During the spring and summer, there is little to do concerning whitetails besides shed hunting or some scouting after the season. To fill this void, I have found several internet sites that contribute to my addiction. These hunters suffer from the same thing as myself and offer some relief during the long summer months. Whether it is giving advice on equipment, swapping stories, or just chatting about last year’s hunts, they fill a void that the hot weather brings. I have made numerous friends the last for years, which has allowed me to extend my bow hunting opportunities outside of Louisiana. These trips to Georgia, Alabama, and Illinois have allowed me to test myself against different terrain and different species of whitetails. It’s just another way for this addict to get his “fix!”

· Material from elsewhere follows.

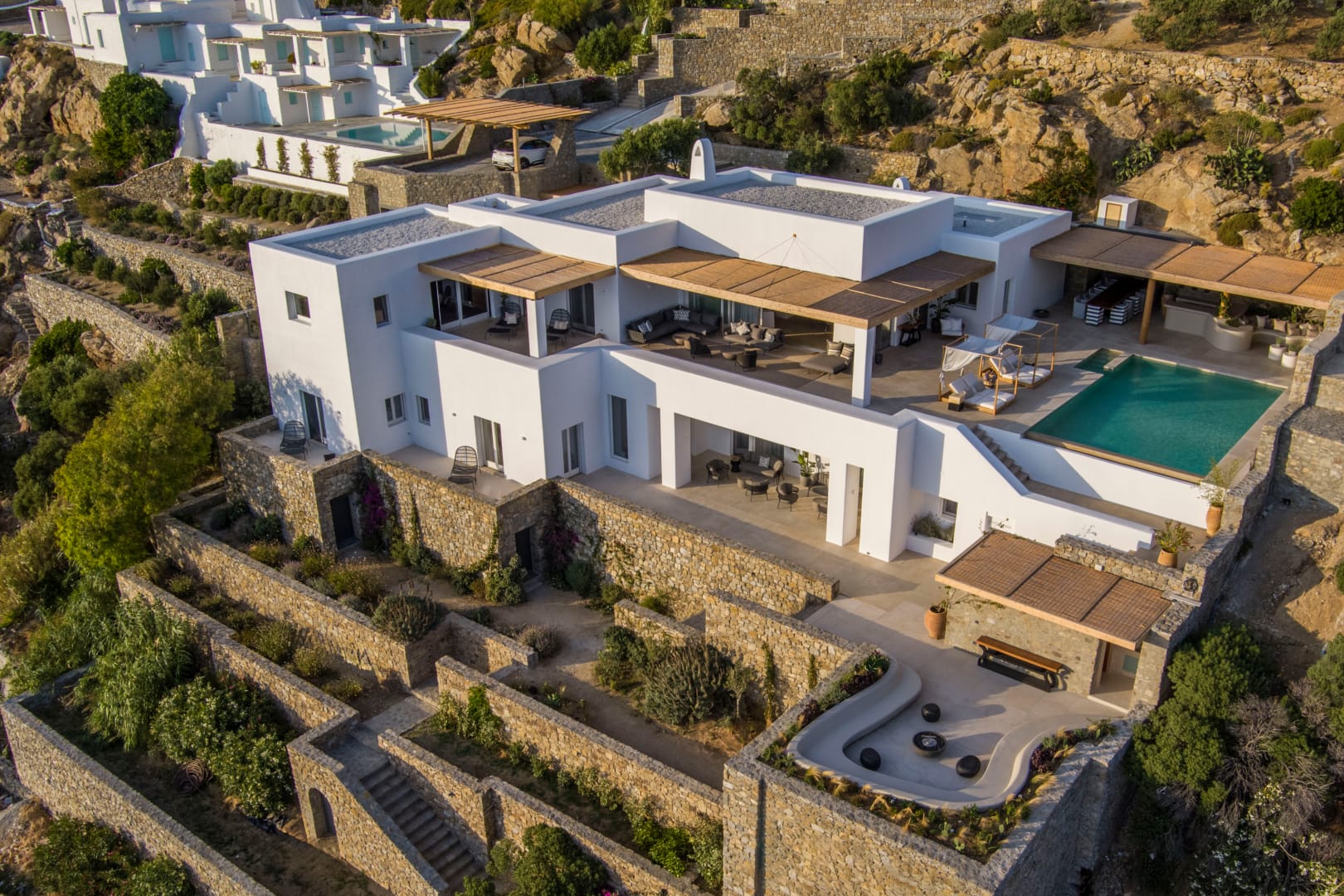 Aerial of the villa cascading down the Tourlos hillside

Will this desire to hunt ever end? For me, I hope not. It is one of the things that make me feel alive. So each year I will keep preparing the camp, food plots, and stands in the Louisiana heat in hopes of harvesting a trophy buck. I will keep discussing last year’s hunts with friends who understand what it means to suffer from “buck fever.” Each October will open to me perched 20 feet off of the ground with my bow in hand with hopes of satisfying my “whitetail addiction.”